There is a “joke” that regularly makes the rounds online: you don’t know tired unless you’re ’parent tired’. Every time he sees this, my husband grits his teeth and tries not to snap that the people posting this (and it is always parents of neuro-typical children, as the rest of us don’t have the time) themselves don’t know tired, as they are “parenting on easy mode.”

It is an ongoing bugbear of mine – and of the mothers of other neuro-spicy children I know – that parents of NT children will frequently offer advice and counselling. Normally in a sage tone, like they have all the answers and know everything about our challenges.

Here’s a newsflash. If your child is developing at the normal rate: can survive and understand society in a way that’s deemed acceptable for their age; doesn’t routinely go home and crumple into an emotional or physical mess; can sleep on an average night without the need for chemical or hormonal treatments… then don’t give us your two pence worth. You have NO idea what we are facing with children who don’t fit the typical mold.

At present, I am typing this in a soft play, grateful that I don’t need to look at the keyboard (and that my husband will edit it to make it make sense and check the SPAG later) so I can keep my eyes fixed on my daughter. I can’t take my attention off her. She is continually trying to engage with other babies and their parents.
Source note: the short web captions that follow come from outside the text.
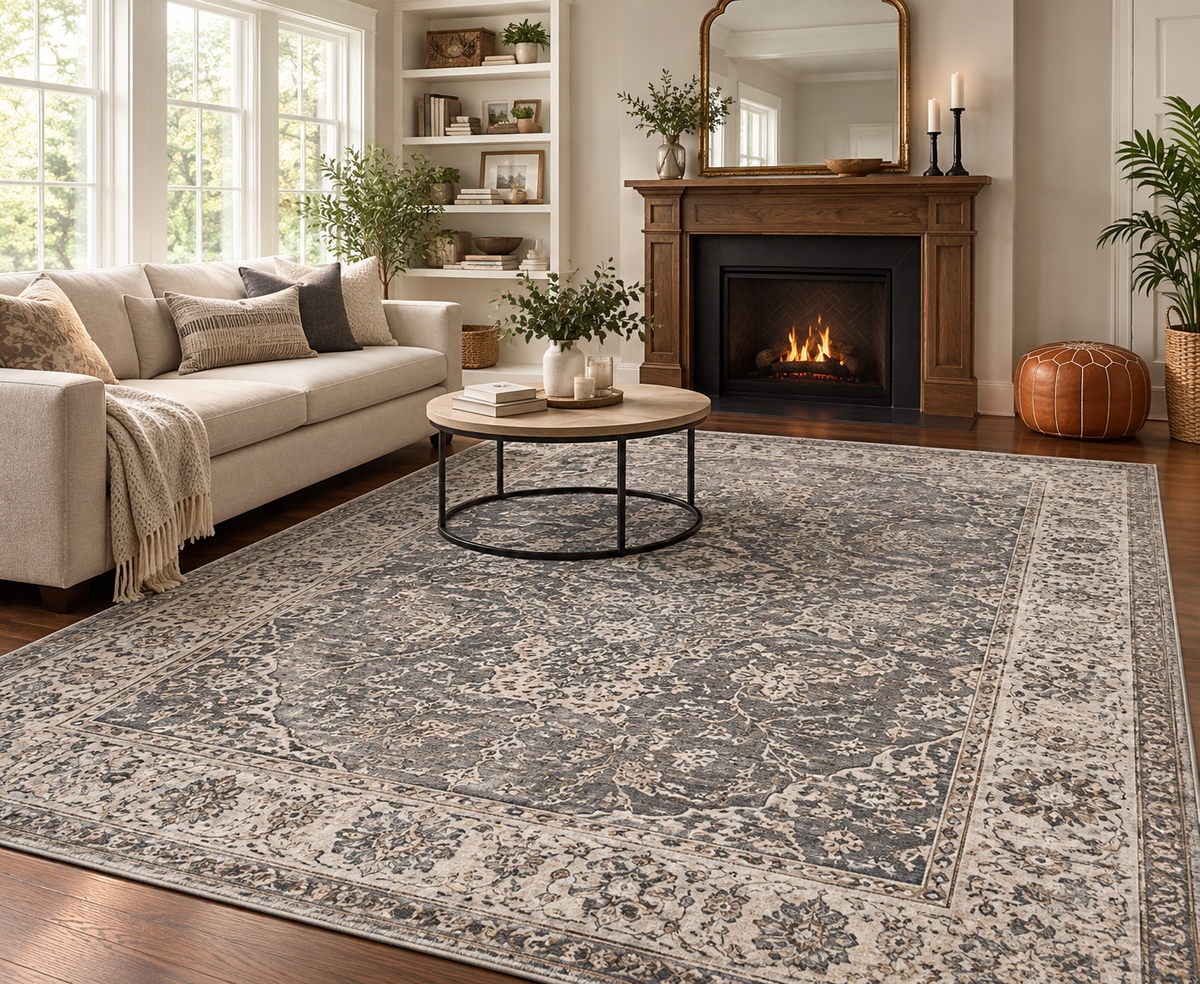 Vintage Charcoal Oriental Rug Review: How to Create a Warm and Elegant Neutral Living Room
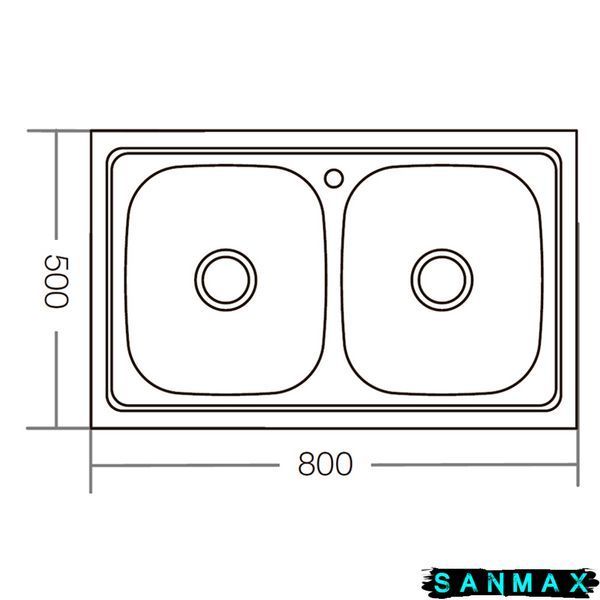 Мийка кухонна накладна подвійна Zerix Z8050D-08-180E (satin) (ZM0569) ZM0569 фото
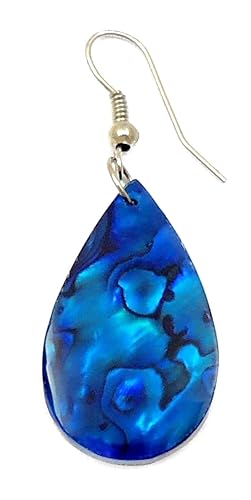Blue Paua Abalone Earrings, Handmade Teardrop Natural Abalone Shell Earrings for Women, Dangle Drop Seashell Earrings Fashion Jewelry GA249-A3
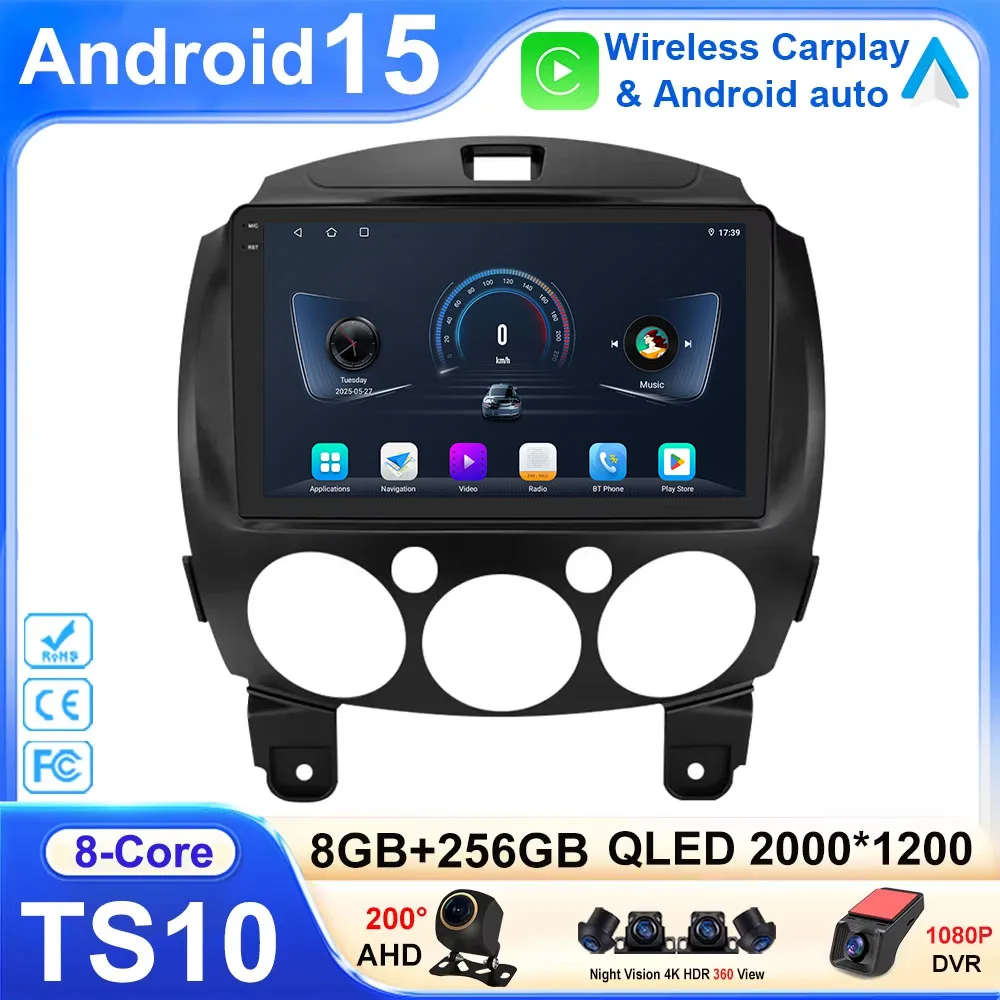 

Android 14 для MAZDA 2 Mazda2 2007-2014 Автомобильный радиоприемник Стерео Мультимедийная навигация GPS Видеоплеер DSP Беспроводной Carplay 4G WIFI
She will try and adopt the parents, or encourage younger children on to equipment that is too advanced for them. Not out of malice, but because she doesn’t understand that smaller children and babies should not be on drop slides, and their parents may not approve of this. I also need to keep her out of the baby areas. I can’t tell her and expect her to play in the areas she should be in because she doesn’t ’get it’. 

I don’t need to hear about what works for your child: it won’t work for mine. I don’t care if your 10 year old will do what you ask, because you were ‘strict when they were young and told them no’ – good for you. My kid was non-verbal and *didn’t understand* being told anything, so explain how that would work. I don’t want to know that you toileted your youngest pre-birth and were teaching them calculus at 3 months. I don’t care. 

I have been told, as have others in my situation, that I should put her in time out or other consequences. These have no meaning for my daughter. She doesn’t understand why she is being punished, or even that it is a punishment, so there is no point. Thus far, the most effective threat we have found for her is ‘I will boop your nose’. 

Seriously. Not something that would work with most kids, but for mine it’s the best way of distracting her out of whatever she has hyper fixated on at that moment. She’ll stop what she’s doing (yay!) in order to gigglingly protect her nose from the ominous adult finger. It’s also something you can growl (or yell) in public and no one will report you for it. So, win-win. 

So if you’re parenting in easy mode, and you know or meet parents that have neuro-divergent kids, please do us all a favour and don’t offer advice unless asked for it.